Researchers and partners in bright yellow vests and hard hats work on a small plot of land to build a garden.

Managing Stormwater, Beautifying Neighborhoods

On the former sites of vacant Detroit homes, University of Michigan researchers and their partners have built innovative gardens that help manage stormwater while removing neighborhood blight.

The four new “bioretention gardens” are designed to capture and hold stormwater in a subsurface layer of gravel while beautifying the Cody Rouge area on Detroit’s west side. The just-completed gardens are expected to achieve an average annual stormwater volume reduction of 300,000 gallons per site, for a total of 1.2 million gallons, and should help reduce street flooding during big storms.

The pilot project shows how vacant properties can become green infrastructure that enhances neighborhood quality of life while improving water quality in the Detroit River and the Great Lakes, said project leader Joan Nassauer, a professor of landscape architecture at the U-M School of Natural Resources and Environment.

“We hope to use the lessons we learn to offer design and planning innovations that can improve the quality of life for neighborhoods in Detroit and other cities.”
– Joan Nassauer, U-M Professor of Landscape Architecture

Research for the project was funded by $285,000 from the U-M Water Center with support from the Erb Family Foundation.
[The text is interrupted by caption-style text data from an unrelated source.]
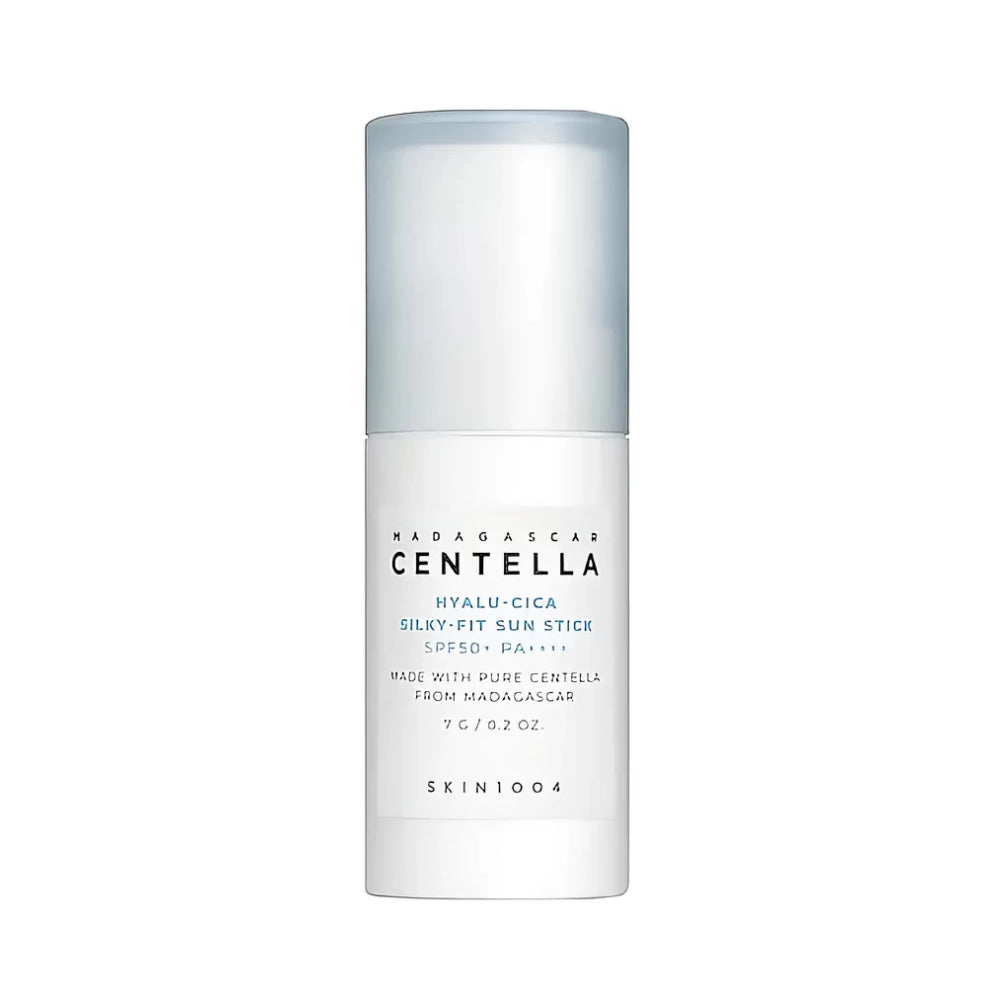 SKIN1004 Sun Stick 7g Madagascar Centella SPF50+ Hyalu Cica Silky Fit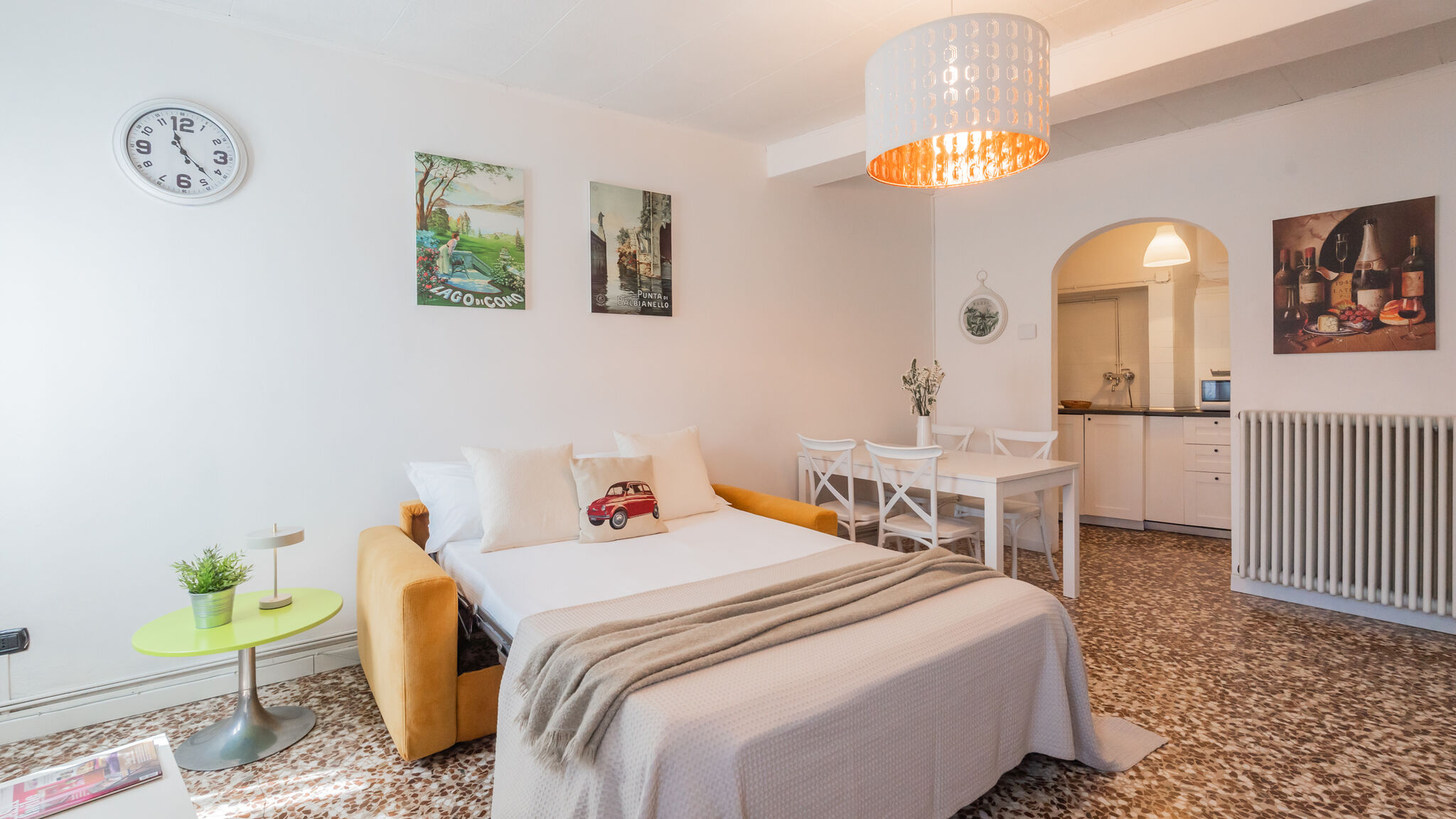 Italianway Argegno Family Nest on Lake Como by Rent All Como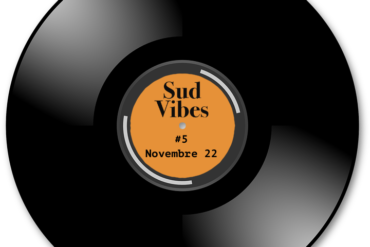 La Bande-son #5 - Novembre 22 disque vinyle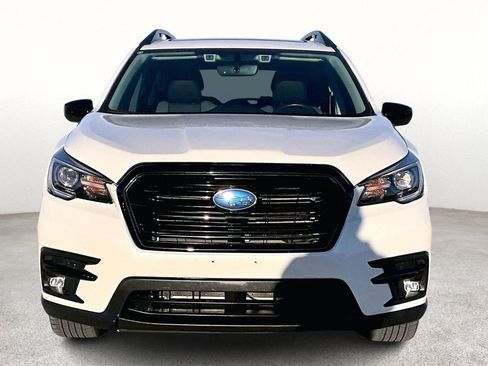 Used 2022 Subaru Ascent Onyx Edition image 5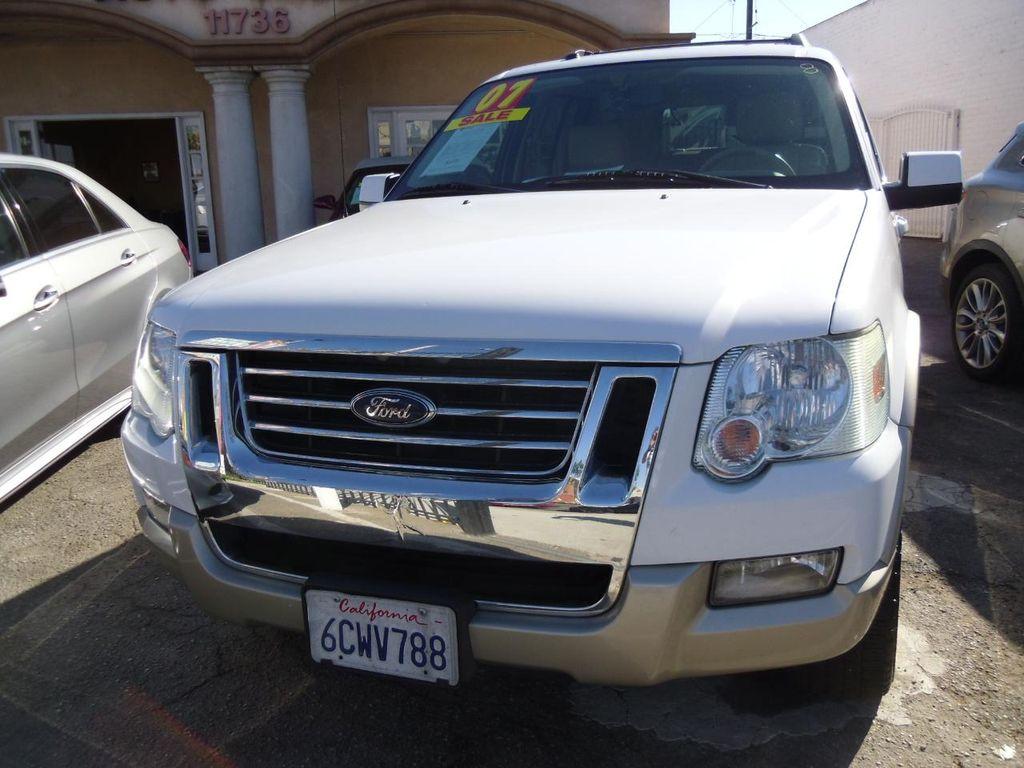used 2007 Ford Explorer car, priced at $6,995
The gardens were constructed and instrumented for data gathering with a $500,000 investment by the Detroit Water and Sewerage Department on land owned by the Detroit Land Bank Authority. Collaborators in the project include the Cody Rouge Community Action Alliance and the Warrendale Community Organization.

The Warrendale neighborhood is part of the Cody Rouge area, which is in the Rouge River watershed. The Rouge flows into the Detroit River, which empties into western Lake Erie. Heavy rainstorms sometimes overwhelm Detroit’s wastewater treatment plant, resulting in events called combined sewer overflows, in which both stormwater and sewage are released into the lake.
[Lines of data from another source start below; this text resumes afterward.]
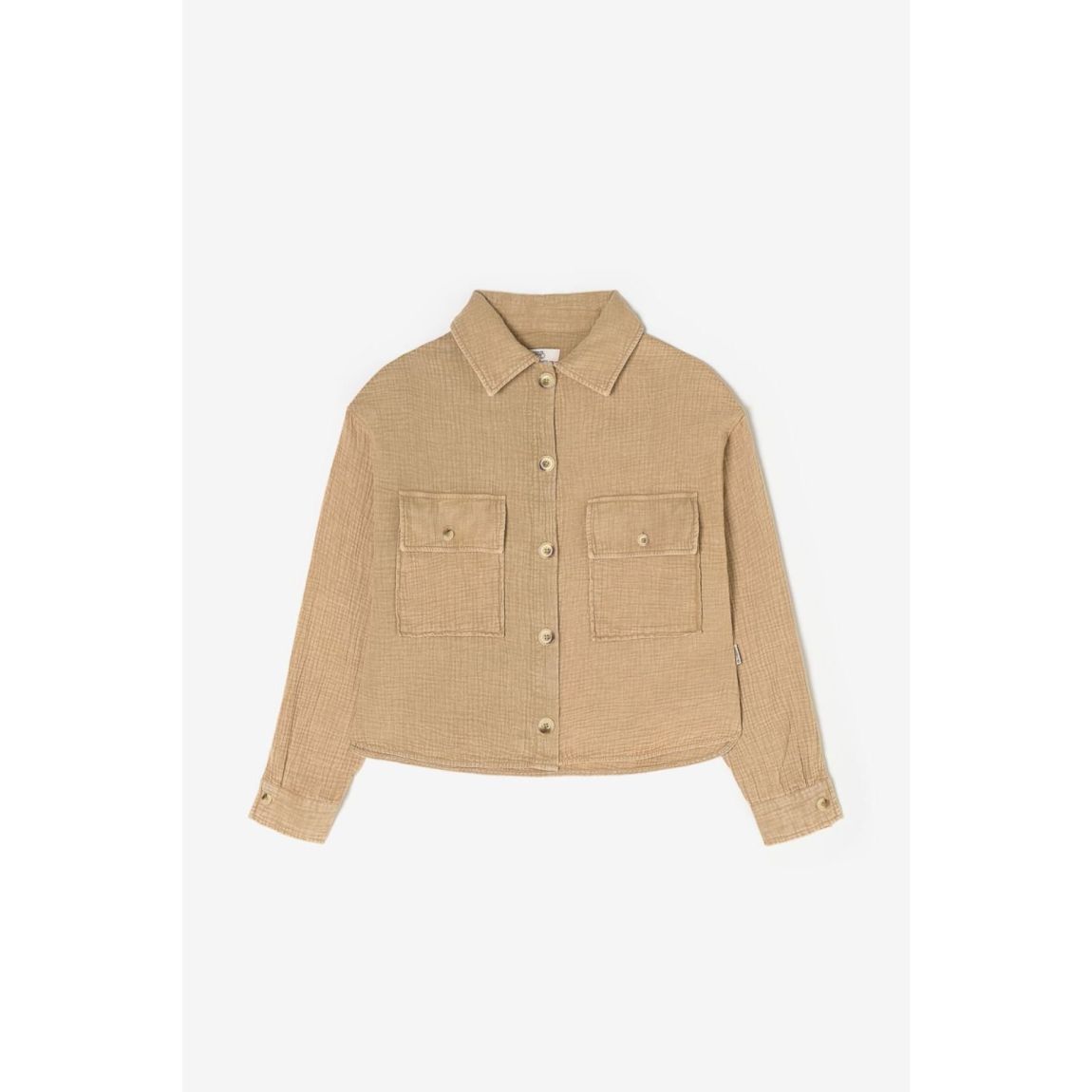 Veste Jasongi main product photo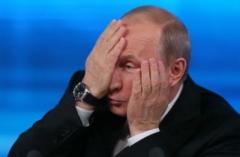 Путин потерпел поражение - Пиотковский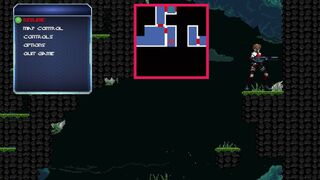 Скриншот 8 к игре Deep Enigma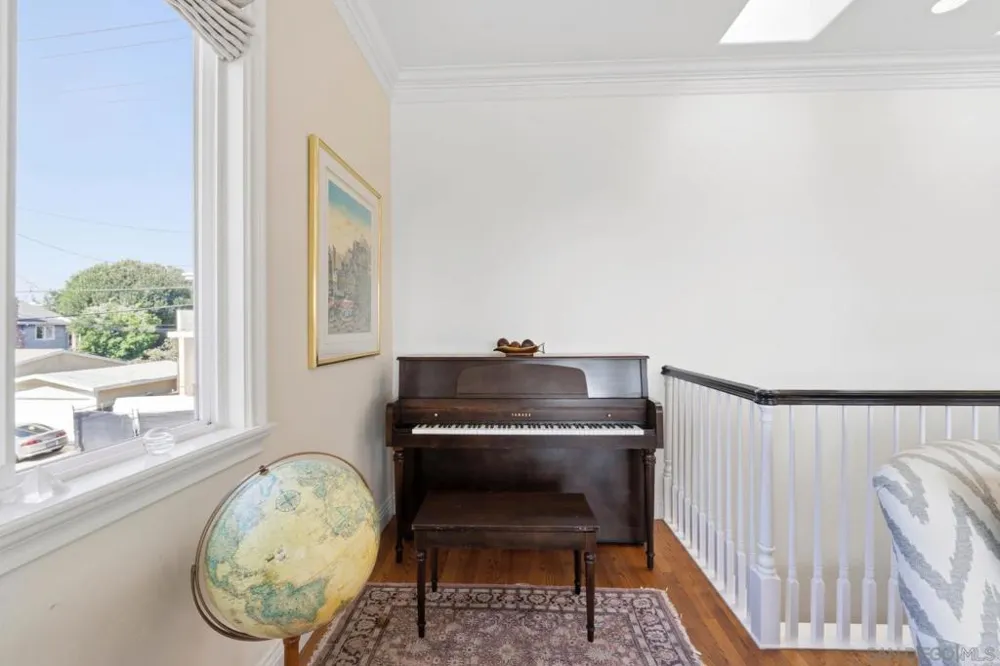 7343 Eads Ave La Jolla, CA 92037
Several efforts to use green infrastructure to help manage stormwater and reduce combined sewer overflows are underway in Detroit. Green infrastructure uses vegetation and soils to soak up and store stormwater slowly over 24 to 72 hours.

About $1.15 million from a new $3 million Erb Family Foundation grant to the U-M Water Center, announced in September 2015, will allow Nassauer’s interdisciplinary team to assess the performance of the Warrendale bioretention gardens over time, to monitor the acceptance and understanding of those structures by neighborhood residents, and to develop new green infrastructure design concepts tailored specifically for use in Detroit. The grant will also allow the team to distill green infrastructure knowledge from all disciplines into advice for local decision makers.